Semana 1 despues que Alexa se fue
Daniel no recordaba lo que era dormir. O, mejor dicho, recordaba demasiado bien lo que significaba dormir cuando Alexa estaba ahí. Su hermana siempre había sido su refugio en las noches en que las pesadillas lo asaltaban, cuando el miedo se filtraba entre las sombras y lo hacía sentir pequeño, vulnerable. Ella era quien le susurraba palabras tranquilizadoras, quien cantaba hasta que su respiración se acompasaba con la de ella, quien le recordaba que no estaba solo.
Pero ahora estaba solo.
Cada noche era un tormento. Cerraba los ojos y veía su silueta desaparecer, veía el eco de su risa desvaneciéndose en el aire, sentía su ausencia como un vacío que nada podía llenar. Y cuando el sueño finalmente lo alcanzaba, lo hacía con imágenes de ella alejándose, de su voz llamándolo desde un lugar inalcanzable, de un silencio insoportable que lo hacía despertar de golpe, cubierto de sudor y con el corazón latiendo frenéticamente en su pecho. Y no había nadie para calmarlo. No había nadie para cantarle hasta que pudiera volver a dormir.
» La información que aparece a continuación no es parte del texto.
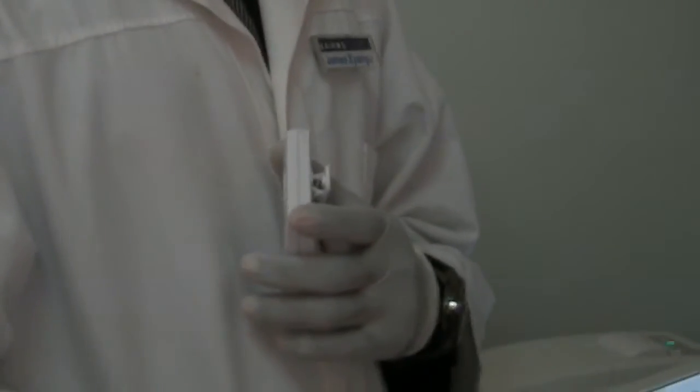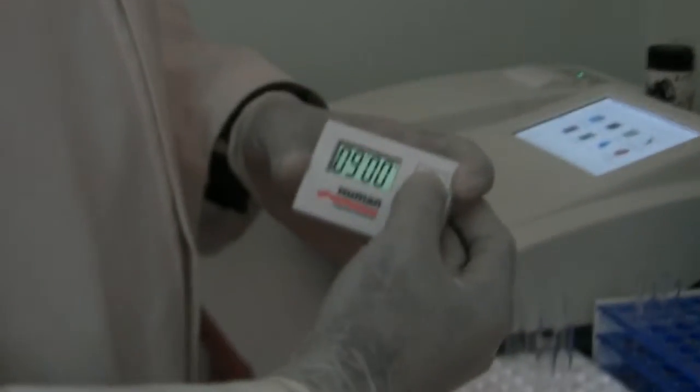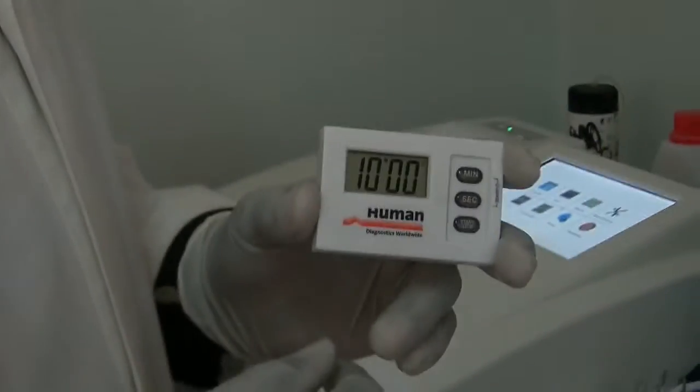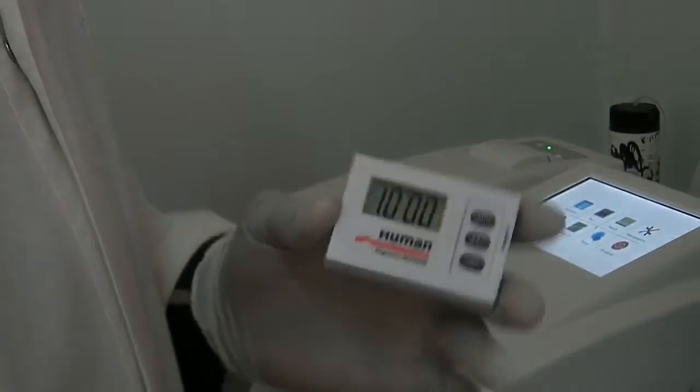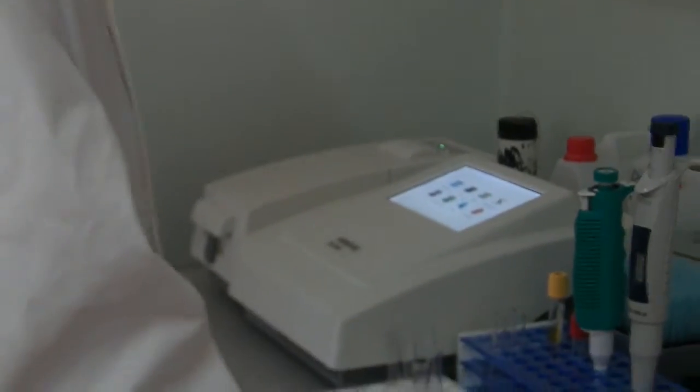Now, we're going to introduce this into the mixture. We have a timer here, we are going to time this for 10 minutes. So we're going to have this mixture, we're going to have it incubate for at least 10 minutes, and after the 10 minutes we can run the test, it will be ready for the test.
Los días no eran mejores. Todo a su alrededor parecía seguir adelante, como si la ausencia de Alexa no hubiera dejado una herida abierta en la casa, en la aldea, en él. Pero Daniel lo veía en los susurros, en las miradas esquivas, en la forma en que nadie pronunciaba su nombre en voz alta. Lo sentía en la manera en que sus padres evitaban mirarlo directamente, como si temieran encontrar en sus ojos la misma pregunta que él se hacía cada segundo del día: ¿Por qué?
Intentó buscar respuestas. Recorrió cada rincón donde ella solía estar, como si pudiera encontrar un rastro, una señal, algo que le dijera que no se había desvanecido como un espejismo. Pero su cuarto seguía vacío, las sábanas comenzaban a perder su aroma y el frío de la ausencia se instalaba en cada esquina.
Y él… él se estaba desmoronando.
El cansancio pesaba sobre sus hombros como una losa. Cada día que pasaba sin dormir lo hacía sentir más débil, más roto, más al borde de algo de lo que no sabía si podría regresar. Se tambaleaba por la casa como un espectro, con los ojos hundidos, la piel pálida y las manos temblorosas. El hambre ya no importaba. La sed era apenas un murmullo lejano. Solo existía el vacío, la ausencia, la insoportable realidad de que Alexa no estaba ahí.
Esa noche, incapaz de soportarlo más, cayó de rodillas en el suelo de su habitación. No lloró al principio. Solo respiró, de manera errática, sintiendo cómo el peso de la soledad lo aplastaba desde adentro. Sus dedos se aferraron a su propio pecho, como si pudiera sostenerse a sí mismo, como si pudiera evitar que el dolor lo destrozara por completo. Pero no podía. No podía.
Un sollozo rasgó su garganta, un sonido inhumano, quebrado, como si su cuerpo entero se estuviera partiendo en pedazos. Y luego otro. Y otro. Pronto, estuvo gritando en medio de la oscuridad, sin importarle si alguien lo escuchaba, sin importarle nada más que el abismo que se abría bajo sus pies.
—Alexa… —su voz era apenas un lamento ahogado—. Alexa… por favor…
Pero no hubo respuesta. No hubo brazos que lo abrazaran, ni palabras que calmaran su angustia. Solo él, solo su dolor, solo la noche interminable devorándolo todo.
Y cuando el llanto cesó, cuando ya no quedó nada dentro de él más que un cansancio absoluto y desesperado, se dejó caer de lado en el suelo, con la respiración entrecortada, los ojos enrojecidos y la garganta ardiendo.
El sueño lo encontró ahí, en el suelo frío, en la miseria absoluta de su pérdida. Pero no fue un alivio. No fue descanso.
Solo fue otra forma de seguir cayendo.